The probabilistic predictions of AD severity scores were evaluated by a logarithmic scoring rule, the log predictive density (lpd). We compared the lpd of our model to that of four reference models, a uniform forecast model (Uniform), a random walk model (RW), an autoregressive model (AR) and a mixed effect autoregressive model (MixedAR). Details of the reference models are described in Supplementary B.
RESULTS
Model fit and validation
The Bayesian state-space model that predicts EASI without covariates was fitted to the data successfully. We found no evidence of an absence of convergence. Population-level parameters were estimated with good precision with posterior distributions narrower than their prior distributions (Table S1). We confirmed that the patient-dependent parameters, αk and bk,vary between patients, within the range of [0.37, 0.99] for the expected autocorrelation (αk) and [0.03, 2.3] for the expected intercept (bk). The measurement process is responsible for 94.7% (90% credible interval 87.3-99.1%) of the total variance for prediction. The posterior mean of the minimum detectable change, MDC, is 8.6 (90% credible interval 7.6-9.6). The posterior predictive distribution of EASI trajectories demonstrated that the model could capture different patterns, despite the absence of several measurements (Fig. 2).
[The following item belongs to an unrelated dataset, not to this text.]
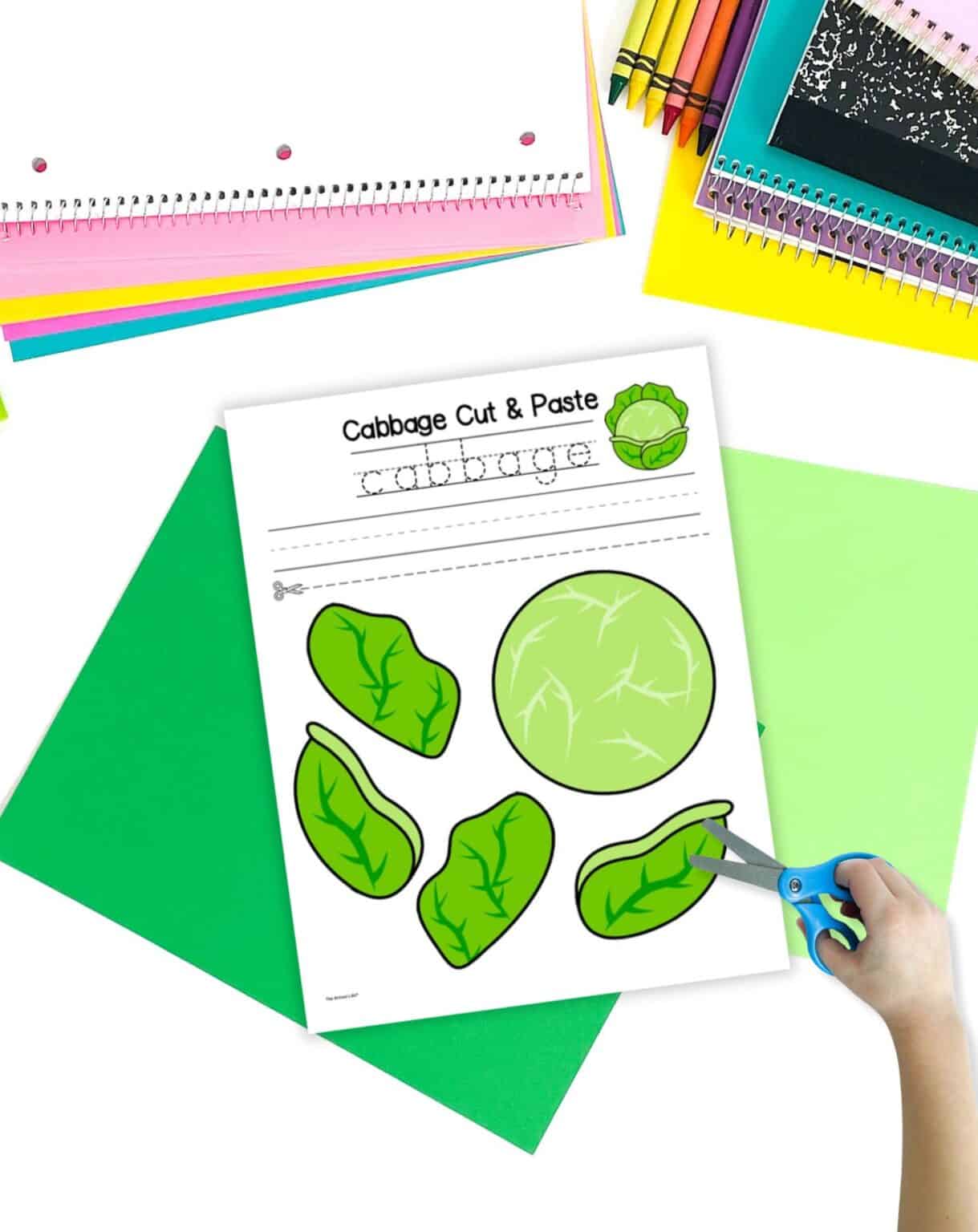 A cabbage cut and paste craft on a table with green papers. A child's hand holding scissors is visible in the foreground.
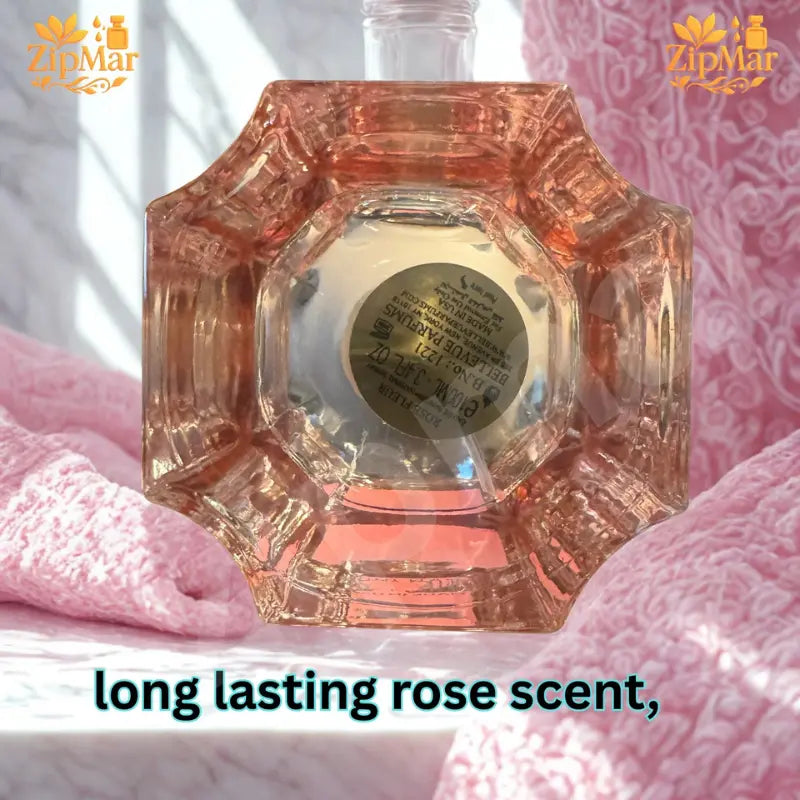 Rose Fleur fragrance bottle base with sticker showing 100 mL, 3.4 fl oz, batch number, Bellevue Parfums and Made in USA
Learning curves for two-weeks ahead predictions (Figs 3A and S2) demonstrated that the predictive performance improved as more data came in and that our state-space model (SSM) outperformed the reference models, thus supporting our model structure. The root mean squared error of the mean prediction for EASI at the next clinical visit (e.g. from week 0 to 2, 2 to 4, 4 to 8, etc.) was 6.3 ± 0.62 for our model and 9.9 ± 0.43 for the random walk model. Counterintuitively, the performance of our model and the mixed autoregressive model tend to improve as the prediction horizon increased (Fig. 3B), possibly because most patients tend to recover before the end of the study.
Similar results, with lower performance relative to the reference models, were obtained for the model predicting oSCORAD, SCORAD and POEM (Fig. S3). The posterior means (and 90% credible intervals) of the MDC were 9.1 (7.4-10.7) for oSCORAD, 11.4 (9.1-13.5) for SCORAD and 7.7 (6.7-8.9) for POEM.
Effect of biomarkers on the model’s predictions
Our model that predicts EASI with covariates was also fitted successfully. The covariates included the 26 serum biomarkers measured at week 0, the presence of filaggrin mutation, the systemic therapy applied (AZA or MTX), sex and age. None of the covariates had a practically significant effect on the model’s prediction, as indicated by a small magnitude of the posterior mean and 90% credible intervals on both sides of 0 (Fig. 4A), and a resulting small and not practically significant contribution of the covariate, ,to the EASI prediction (Fig. 4B). The predictive performance of the model with covariates was similar to that of the model without covariates. Similarly, we found no practically significant covariates for the predictive models of oSCORAD, SCORAD and POEM.
DISCUSSION
We developed a Bayesian state-space model with covariates that can predict AD severity scores (EASI, SCORAD, oSCORAD and POEM) two-weeks ahead in the future at the individual level. The model describes the dynamics of the latent severity and the measurement process of the severity scores (Fig. 1). The model was trained on the data from 42 adult AD patients who received systemic therapy in a previously published clinical study [13] [14] (Fig. 2). Our model outperformed reference models for time-series forecasting (Fig. 3) and revealed that biomarkers’ concentrations measured before the start of the therapy did not carry information for prediction of future AD severity scores, the primary outcomes when we evaluate the efficacy of the therapy (Fig. 4).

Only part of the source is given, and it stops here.